Deep and brooding the nose is very black fruit in character. The palate packed with rich ripe fruit fleshy and supple black plum backed by rich black cherry. There is an underlying freshness slightly lighter at the back but the finish has depth richness lots of sweet fruit. 2020-2030. Rating: 93-96 Derek Smedley MW, (May 2014)

Château L'Église Clinet

In a region of modest architecture, the high-spired church in Pomerol tends to dominate the sky-line. Gathered around it, a trio of estates trumpet their proximity with their name – Domaine de l’Eglise, Clos l’Eglise and Château l’Eglise Clinet.

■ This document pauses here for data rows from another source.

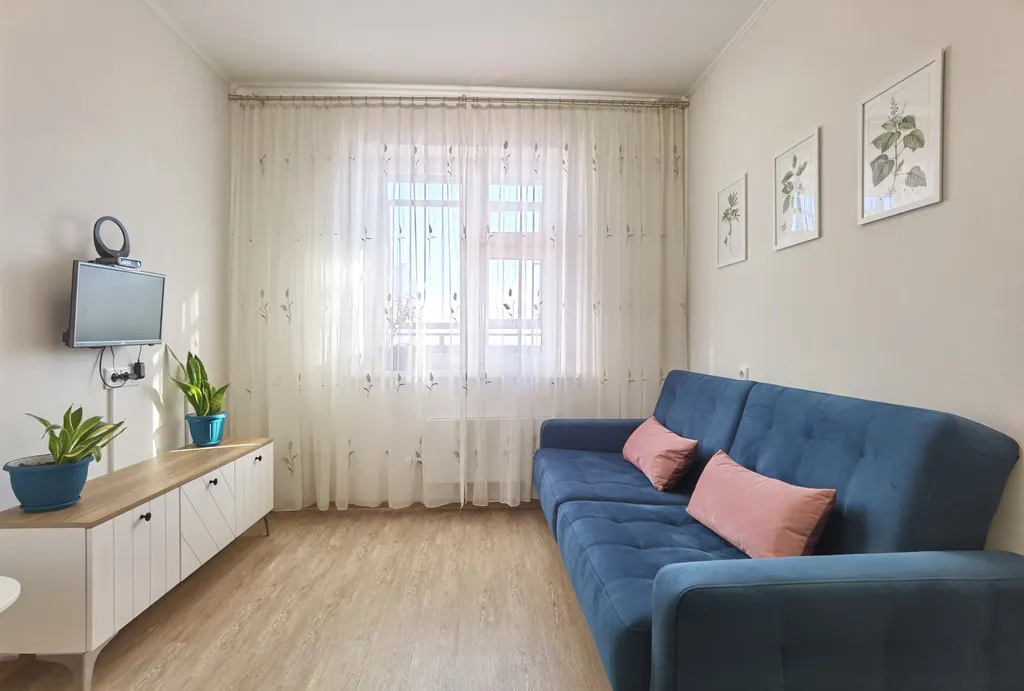 Просторная евродвухкомнатная квартира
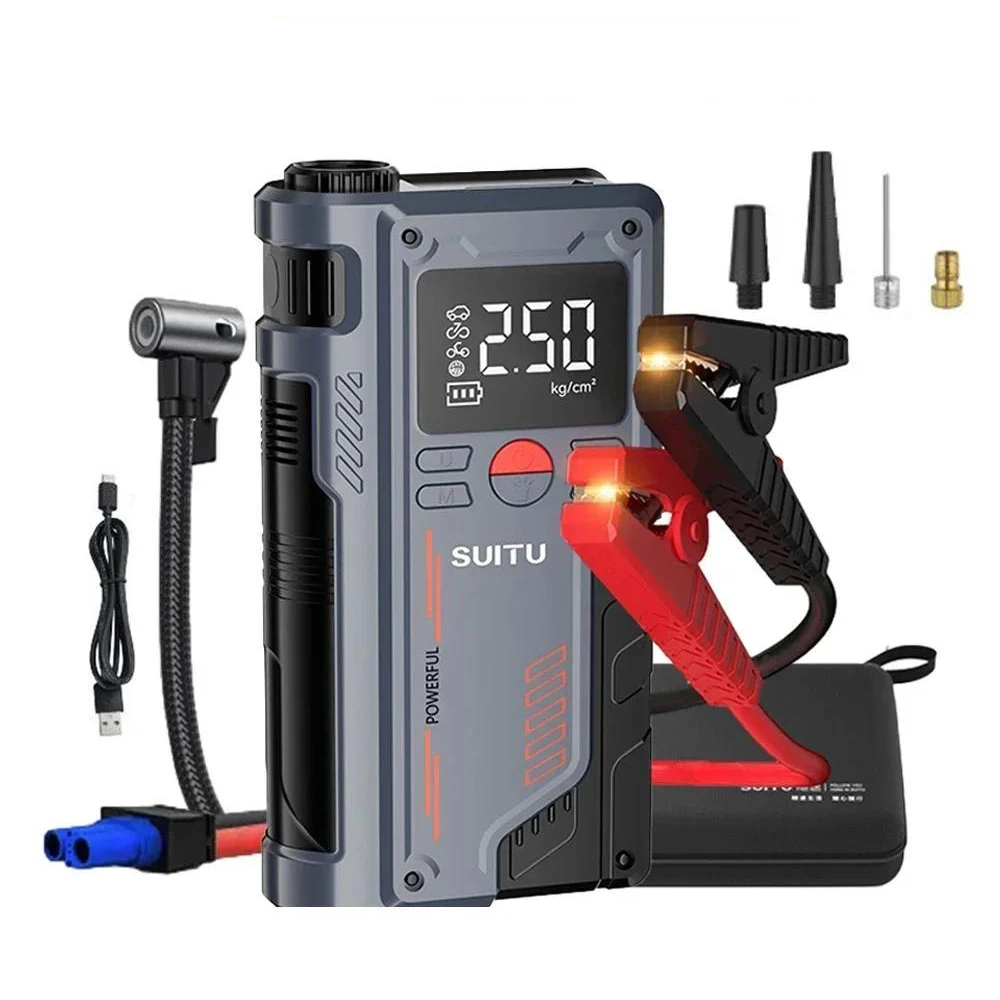 4-in-1-Auto-Starthilfegerät mit Luftkompressor, tragbares Booster-Ladegerät, 1000A, leistungsstarkes Autobatterie-Startgerät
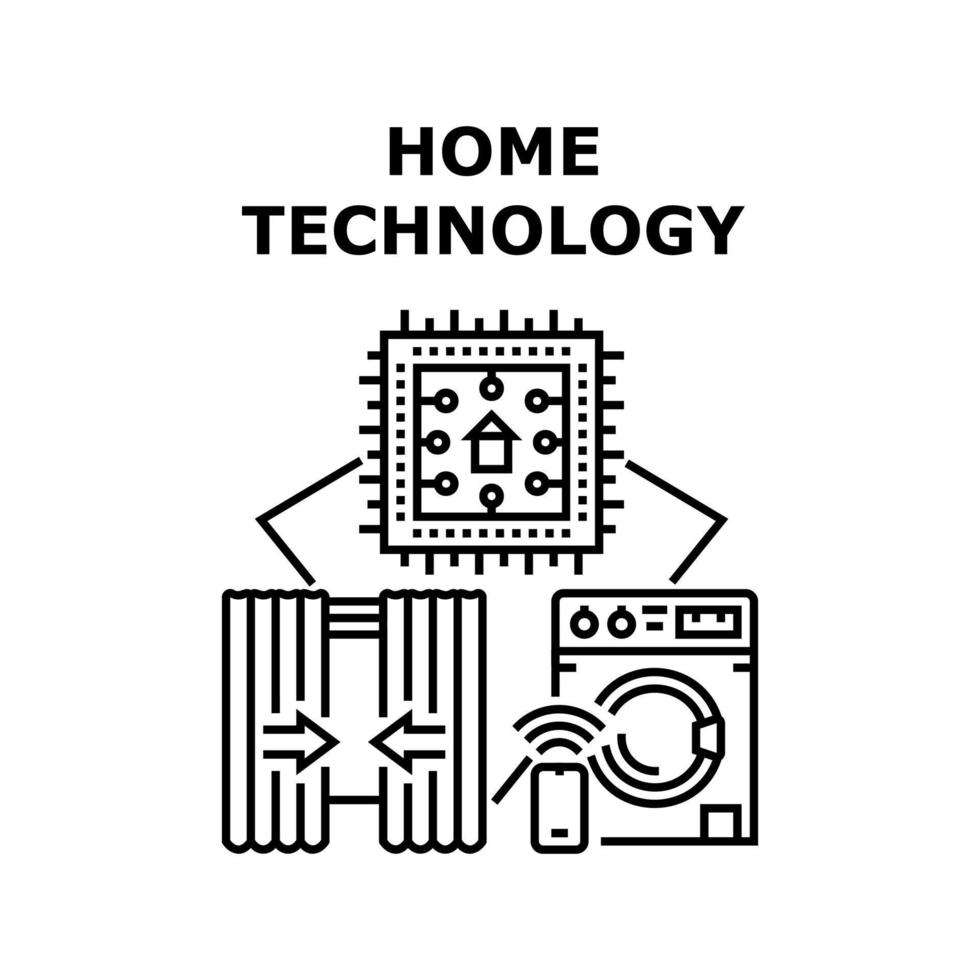 ilustración de vector de icono de tecnología doméstica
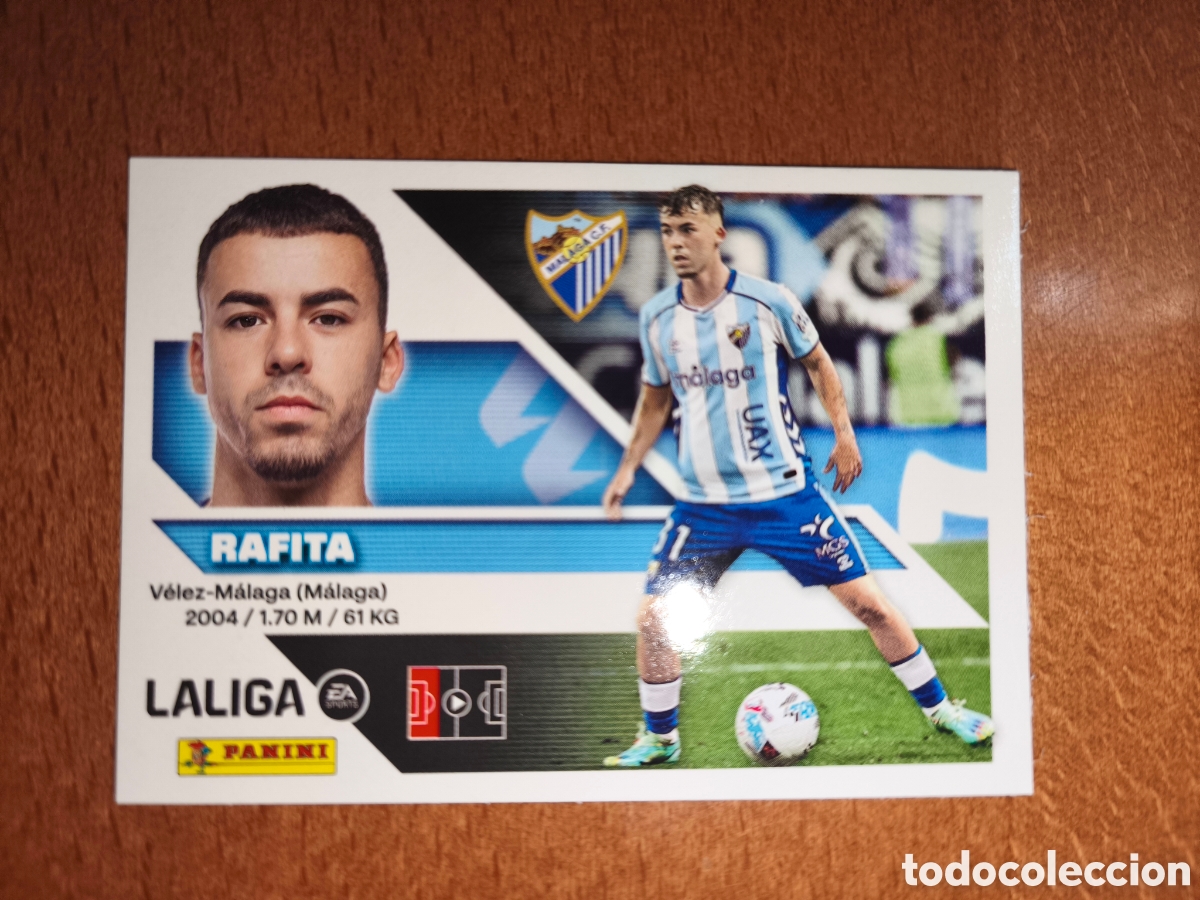 Cromos de f&uacute;tbol: Rafita n&deg;9 liga este 26/27 M&aacute;laga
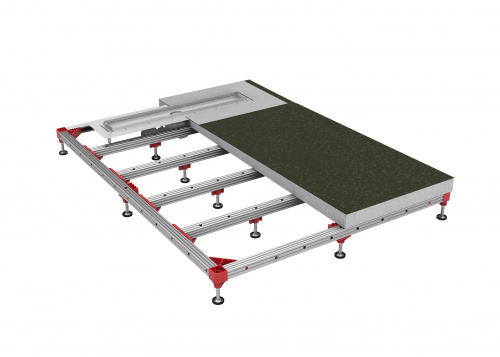 Eine wesentliche Neuerung beim Duschboden-System ACO ShowerFloor ist das integrierte Gefälle.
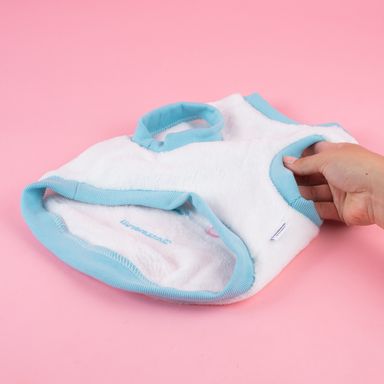 Ropa para mascotas camisa 100% poliéster blanca 33x25 cm cinnamoroll sanrio -  Sanrio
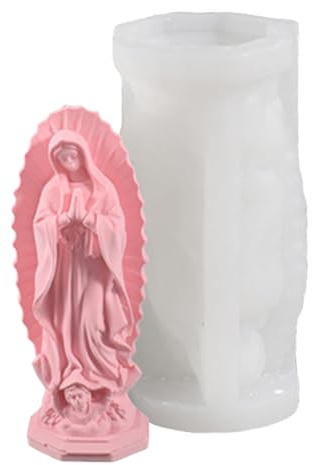 Molde de silicona de la Santa Madre para manualidades Uso versátil para escayola de velas y más Ideal para celebraciones religiosas Forma de silicona antiadherente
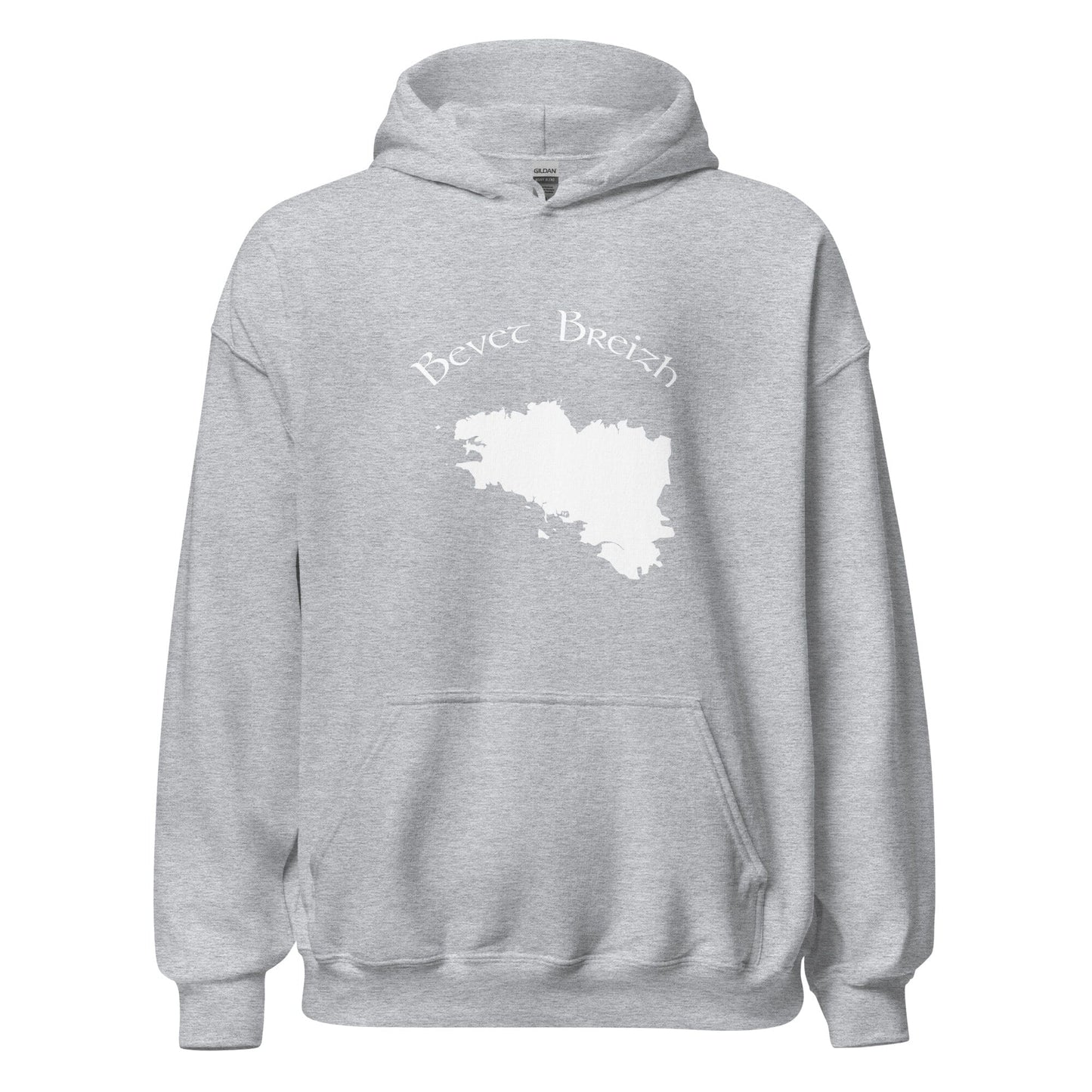 Sweatshirt à capuche pour femme Bevet Breizh sweat-shirt Bevet Breizh Gris Sport S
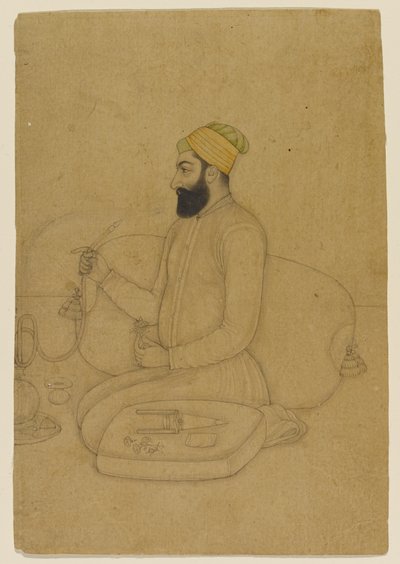 Portrait of Mirza Dakhani, Naubat Khan by Indian School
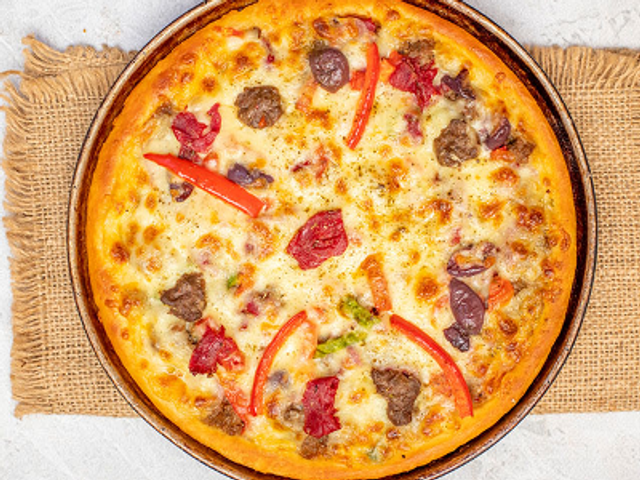 Oriental Sausage Pizza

Infact, Clos l’Eglise Clinet and l’Eglise Clinet, separated only by a narrow lane, used to form a single estate until they were divided in inheritance in the latter half of the 19th Century. Initially, confusingly, called Clos de l’Eglise, the estate appended the lieu dit name and became Clos de l’Eglise Clinet, before finally settling on l’Eglise Clinet. The château, such as it is, is quite modest – the château proper being left with the Clos l’Eglise portion when the estate divided. The Château l’Eglise Clinet story really begins when Denis Durantou took over in 1983 and turned a traditional if unexciting property into one of Pomerol’s superstars. New equipment in a small new chai were installed and meticulous attention has been paid to the vineyard. There are 6ha of vines given over to 85% Merlot and 14% Cabernet Franc with the last 1% being a plot of very old Malbec vines. Denis Durantou also owns Château les Cruzelles in Lalande-de-Pomerol, Saintayme in Saint Emilion and Chateau Montlandrie in the Côtes de Castillon.